I ran the short test on SMART tools and it seems to get stuck with 10% remaining.

Whilst it doesn't report progress, it indicates 2 minute run time, after 10 minutes, it doesn't report any results.

Then I made it to run the short test again, and then the original test appears in the log as 'aborted' (presumably because I started a new one), aborted with 10% remaining.

Have done this three times, and all seem to hang at 10% remaining:


Num Test_Description Status Remaining LifeTime(hours) LBA_of_first_error
# 1 Short offline Aborted by host 10% 7259 -
# 2 Short offline Aborted by host 10% 7259 -
# 3 Short offline Aborted by host 10% 7259 -

Is this a bad sign?!

I could run a long test overnight...

And I'm currently shopping to potentially replace it with HP ProLiant MicroServer Gen8 as a result of all this...

Thanks

rjbathgate 06-04-2014 11:22 PM

Also, re: "32-bit PAE kernels are so last century.

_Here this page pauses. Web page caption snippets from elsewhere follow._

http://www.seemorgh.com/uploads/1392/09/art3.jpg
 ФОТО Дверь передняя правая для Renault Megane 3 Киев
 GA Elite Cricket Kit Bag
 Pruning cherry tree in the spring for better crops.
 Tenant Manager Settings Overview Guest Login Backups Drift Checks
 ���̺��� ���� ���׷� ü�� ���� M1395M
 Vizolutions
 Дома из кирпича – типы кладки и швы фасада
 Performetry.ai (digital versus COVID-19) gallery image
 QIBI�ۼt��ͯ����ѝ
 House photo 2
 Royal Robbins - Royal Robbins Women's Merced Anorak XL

Get onto 64-bit hardware (you may be already) and current 64-bit kernel if possible."

The CPU is 64bit compatible... how do I go about changing to 64 bit kernel? Or at least ensuring I get a new server running on the 64 bit kernel?

EDIT: sorry that's a dumb question, have figured that one out!

markseger 06-06-2014 03:04 PM

I think the CPU iowait or just wa in top terms is one of the most confusing metrics there is. In sort, all it tells you is there is some I/O going on somewhere and the cpu isn't busy, it's spending most of it's idle time waiting for I/O.

Another way to look at this is on a completely idle system, iowait should be at or close to zero. Now fire up a process that creates or maybe copies a large file while watching it with collectl, had to get that in for syg00. ;) Since this is almost exclusively I/O bound you know it won't use much cpu time, yet iowait goes to a very high number, at least on the cpu doing the I/O.

If you were to look at a busy nfs server, it typically has a high load average because some many processes are active, though waiting on I/O, and also shows a high iowait.

Does this help or make it more confusing?